For this listing, the lines between the one holding "Alt view image" and the one holding "Dual Simple Open Triangle Ring Silver", inclusive, must be set down exactly.

_EXTRACTED MATERIAL_.
++++++++++

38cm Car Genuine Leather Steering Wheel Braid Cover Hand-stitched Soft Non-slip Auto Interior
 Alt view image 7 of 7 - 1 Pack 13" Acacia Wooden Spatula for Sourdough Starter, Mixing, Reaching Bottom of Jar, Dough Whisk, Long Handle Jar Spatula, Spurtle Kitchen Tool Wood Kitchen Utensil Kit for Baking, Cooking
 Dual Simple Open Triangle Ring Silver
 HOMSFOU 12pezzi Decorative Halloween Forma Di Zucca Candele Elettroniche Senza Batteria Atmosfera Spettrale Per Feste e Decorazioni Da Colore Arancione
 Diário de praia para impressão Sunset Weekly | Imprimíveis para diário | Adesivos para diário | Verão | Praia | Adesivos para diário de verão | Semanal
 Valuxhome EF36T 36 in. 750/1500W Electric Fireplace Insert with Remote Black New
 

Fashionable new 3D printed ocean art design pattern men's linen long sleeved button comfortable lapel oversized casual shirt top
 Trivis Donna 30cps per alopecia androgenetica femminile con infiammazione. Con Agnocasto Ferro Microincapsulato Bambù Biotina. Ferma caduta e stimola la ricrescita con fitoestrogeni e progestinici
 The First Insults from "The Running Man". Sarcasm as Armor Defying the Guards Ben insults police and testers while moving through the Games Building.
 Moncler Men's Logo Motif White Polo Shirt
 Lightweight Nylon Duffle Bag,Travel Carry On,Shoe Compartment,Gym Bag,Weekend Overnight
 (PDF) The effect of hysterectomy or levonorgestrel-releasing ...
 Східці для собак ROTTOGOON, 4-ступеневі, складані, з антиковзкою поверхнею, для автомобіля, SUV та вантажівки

++++++++++

_SOLUTION TO THE EXERCISE_.
 Alt view image 7 of 7 - 1 Pack 13" Acacia Wooden Spatula for Sourdough Starter, Mixing, Reaching Bottom of Jar, Dough Whisk, Long Handle Jar Spatula, Spurtle Kitchen Tool Wood Kitchen Utensil Kit for Baking, Cooking
 Dual Simple Open Triangle Ring Silver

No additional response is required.